When I first saw this I thought it would be the same as treating X as a scalar, then by the definition of the ln function the above would be true. Is the fact that there is a trace and that X is a matrix important in the derivation?

He does mention that "" $Tr(log X)' = Tr[X' X] = Tr[X X']$ "" but I think this was probably a typo, since an expression of the form $Tr[X' X]$ does not appear in his calculation.

2) $Tr(ln(X)) = ln(det(X))$

This one I am a bit stuck on, I would guess that it has something to do with the definitions of the trace and determinant but not sure where to go from there. I haven't done anything with matrices in about 3 years, and I'm a physicist, so keep it basic :)

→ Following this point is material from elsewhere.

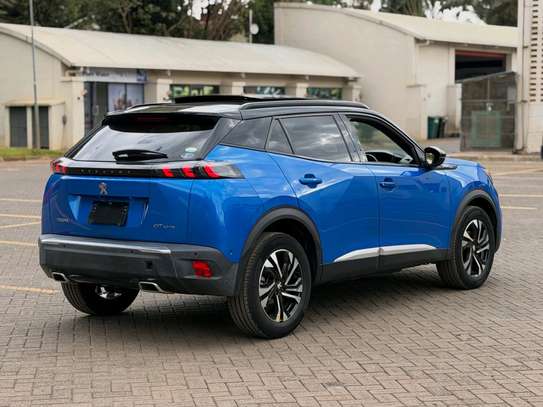 2020 Peugeot 2008 GT -line image 5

EDIT OK here is my working for proof 1 using Robert's guide below:

$$ X' = \frac{d}{dE} \sum_{n=0}^{\infty} \frac{L^n}{n!} $$ Using the chain rule, $$ X' = \sum_{n=0}^{\infty} \frac{n L' L^{n-1}}{n!} = \sum_{n=0}^{\infty} \frac{L' L^{n-1}}{(n-1)!} = \sum_{n=1}^{\infty} \frac{L' L^{n-1}}{n!}$$ Here is the bit I don't quite follow, regarding the introduction of the dummy j which seems to cancel later on in the calculation without being used. $$ \sum_{j=0}^{n-1} \sum_{n=1}^{\infty} \frac{L' L^j L^{n-1 - j}}{n!} $$ Now using this expression for X': $$ X' X^{-1} = X' e^{-L} = \sum_{j=0}^{n-1} \sum_{n=1}^{\infty} \frac{L' L^j L^{n-1 - j}}{n!} e^{-L} $$ Here is where I find a problem now, since $$ \sum_{j=0}^{n-1} (\sum_{n=1}^{\infty} \frac{L^{n-1}}{n!}) L' e^{-L} $$ Now my part in the brackets in that last expression isn't $e^L$ so doesn't cancel nicely. I am pretty sure I am missing something with commutativity and when you introduced the sum over j!? EDIT 2 Just realised my last step on the chain rule, changing the sum from n=0 to n=1 doesn't make much sense.

Answer 1

1) is a bit tricky if $X'$ and $X$ don't commute. $\log(X)$ is a matrix $L$ such that $\exp(L) = X$. Now $$\dfrac{d}{dE} X = \dfrac{d}{dE} \sum_{n=0}^\infty \dfrac{L^n}{n!} = \sum_{n=1}^\infty \sum_{j=0}^{n-1} \dfrac{L^j L' L^{n-1-j}}{n!} $$ and so $$ X' X^{-1} = X' \exp(-L) = \sum_{n=1}^\infty \sum_{j=0}^{n-1}\frac{L^j L' L^{n-1-j}}{n!} \exp(-L)$$ but since $\text{Tr}(AB) = \text{Tr}(BA)$ and $L$ commutes with $\exp(-L)$, $$ \text{Tr}(X' X^{-1}) = \sum_{n=1}^\infty \sum_{j=0}^{n-1} \dfrac{\text{Tr}\left(L^j L' L^{n-1-j} \exp(-L) \right)}{n!} = \sum_{n=1}^\infty \dfrac{\text{Tr}\left( L'L^{n-1} \exp(-L)\right)}{(n-1)!} = \text{Tr}(L' \exp(L) \exp(-L)) = \text{Tr}(L')$$

2) If $X$ has eigenvalues $\lambda_j$ (counted by algebraic multiplicity), $\log(X)$ has eigenvalues $\log(\lambda_j)$. Then $\text{Tr}(\log(X)) = \sum_j \log(\lambda_j) = \log(\prod_j \lambda_j) = \log(\det(X))$. Actually there is a question of which branches of the logarithm to use when there are non-positive eigenvalues, so it is more accurate to say that $\text{Tr}(\log(X))$ is one of the branches of $\log(\det(X))$.